The value in additional digitisation is large and uncontroversial. We would do much more of it, except that it is time-consuming, tedious, and expensive. Practical questions of what is easiest to do can be as important as any consideration of scientific value.

  • Working in archives is difficult. Document collections are often bulky, cumbersome, and fragile - they take skilled handling. Space is limited, archive staff are few, and archive-trained researchers are not easy to find. As far as possible, photograph records and work with the resulting digital images. For large and complex document collections, this photography may take a long time, even if funds are available for it.
  • We are accumulating hundreds of thousands of digital images, many of which have yet to be transcribed. These need archiving in a way which makes them available to researchers, now and in the future, both individually and in bulk. This process requires further research and additional funding.
  • Transcription of weather data from the images is slow and expensive.
  • Data rescue is not complete until the observations are available to users. This means adding them to appropriate national and international databases. These databases are in a poor state.
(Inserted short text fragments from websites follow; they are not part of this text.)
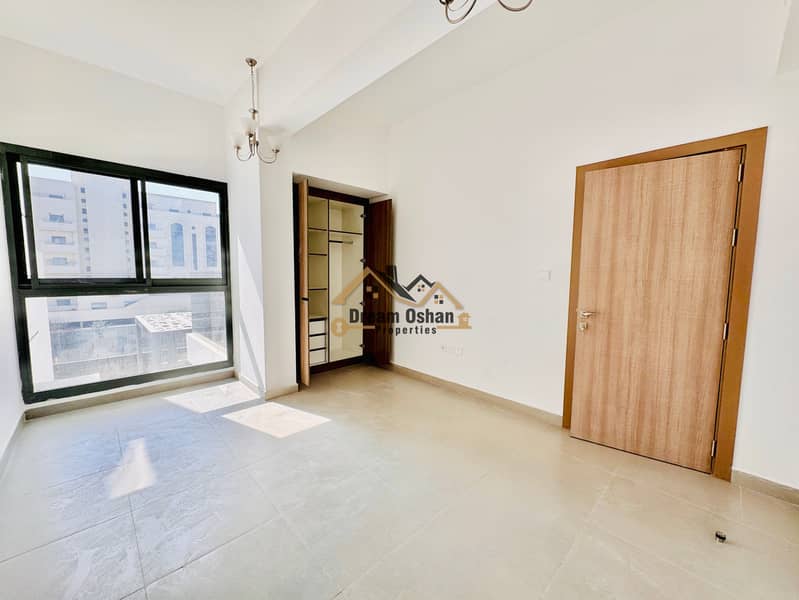 Band New - Best Finishing - Ready To Move - For Family - Image 6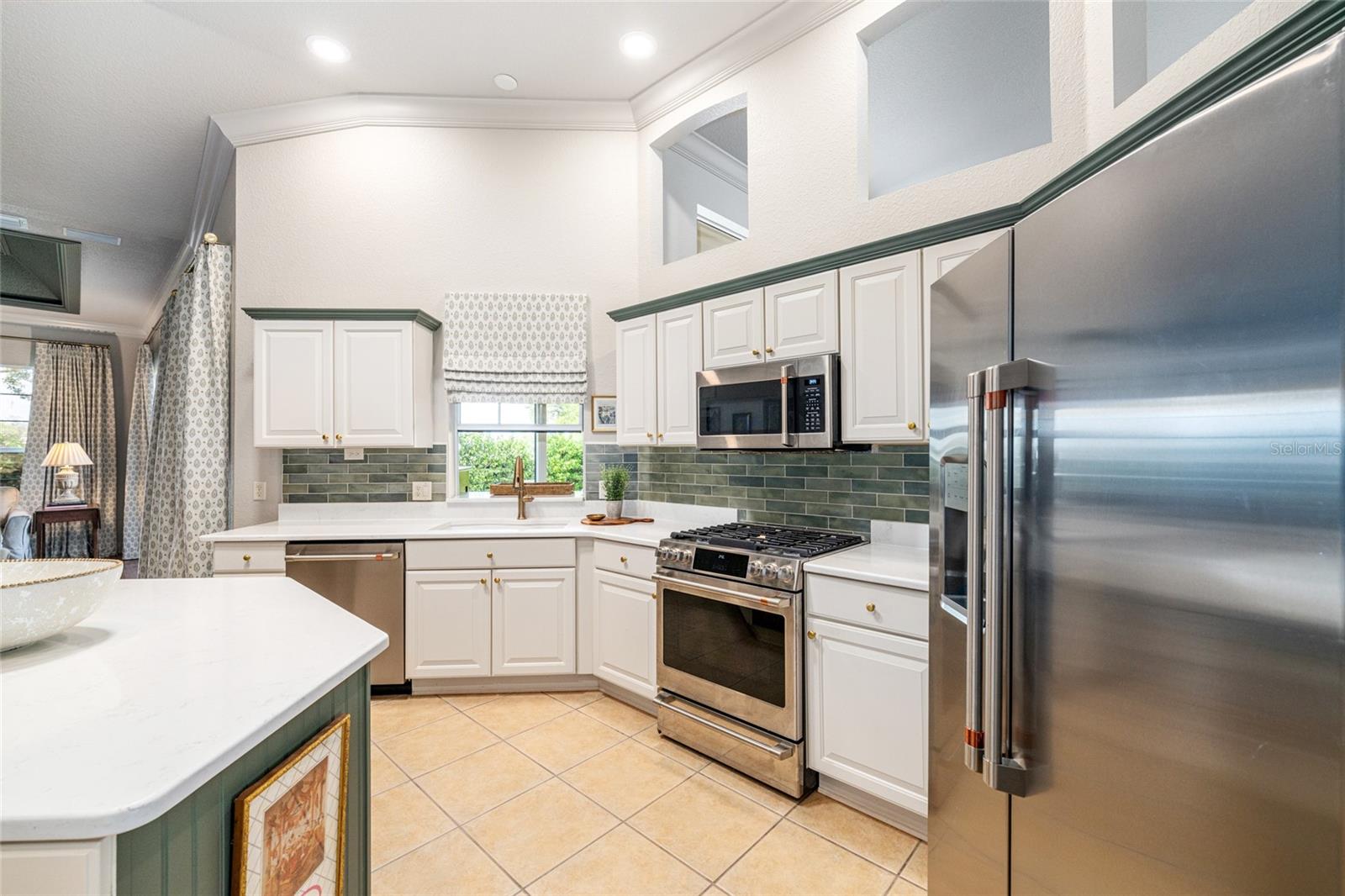 Image 19 of 55 For 1929 Hartford Path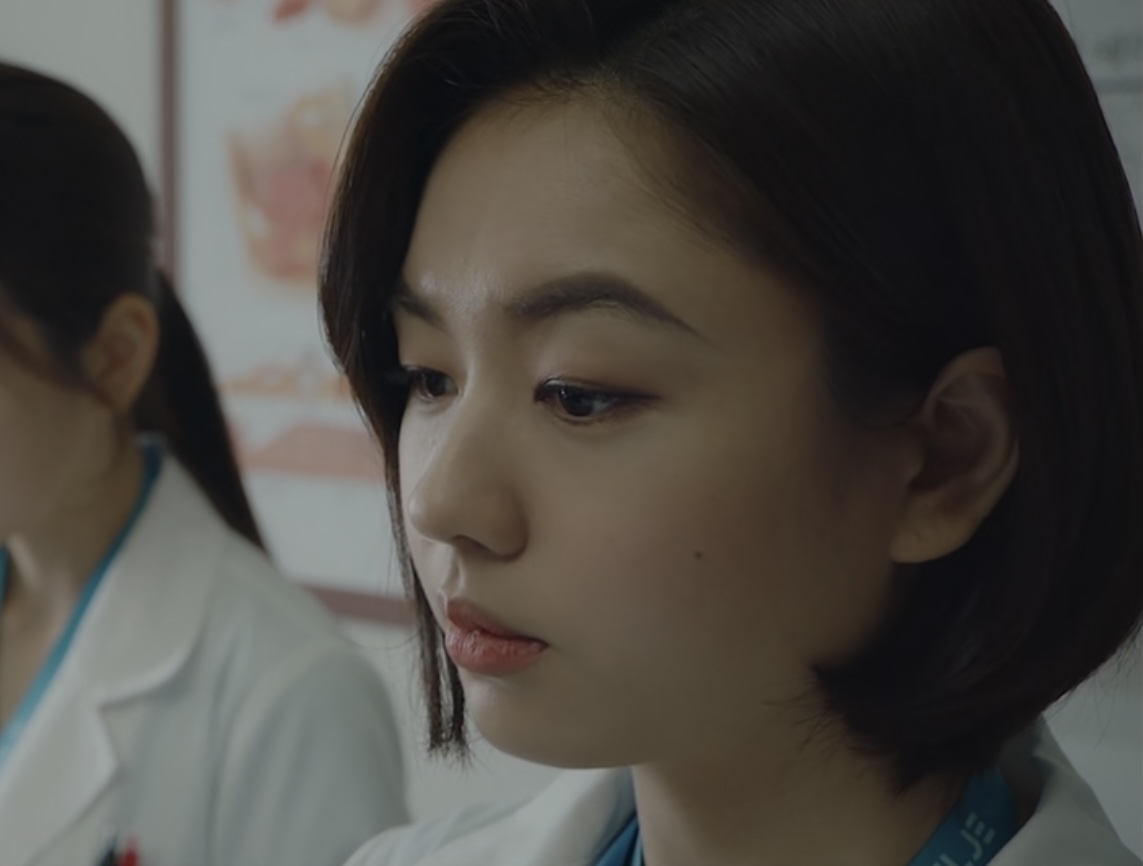 [잡담] 한드 꾸꾸꾸+꾸 여캐 | 인스티즈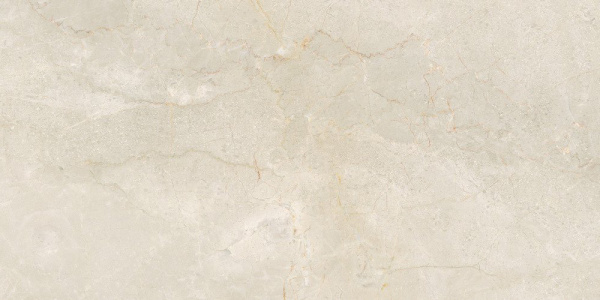 Керамогранит Bottochino_GT 600х1200х6,5 фото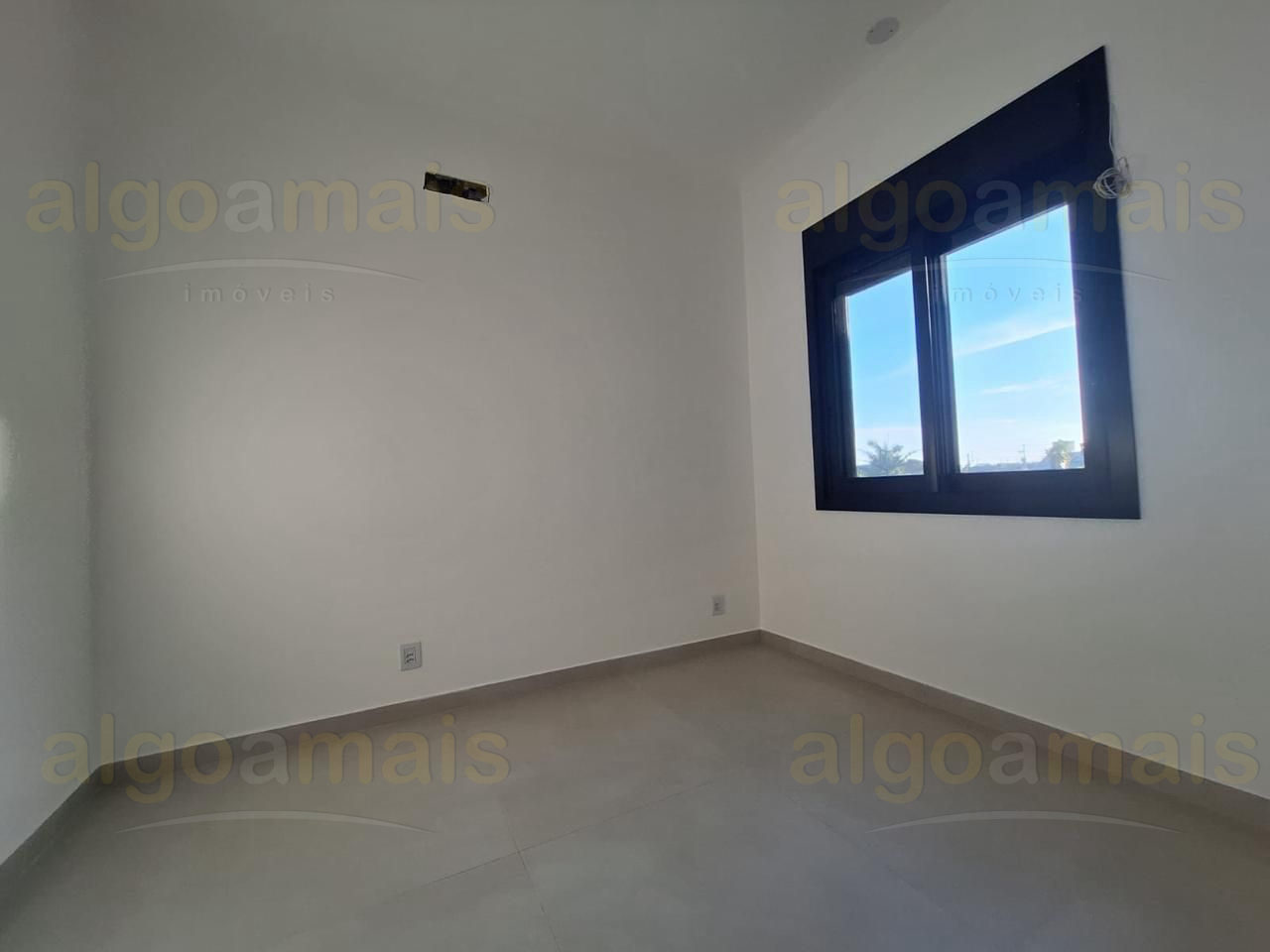 Casa, 3 quartos, 123 m² - Foto 7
This means that data rescue projects should be judged not solely on the quantity of observations recovered, but also on their contributions to improving the process of recovery. We should experiment with new tools and processes to do the work.

In the short term, we should concentrate on data sources where these practical problems are least severe: document sources already imaged or easy to image, easy to read and transcribe, and where there are functional databases to store and share the resulting observations.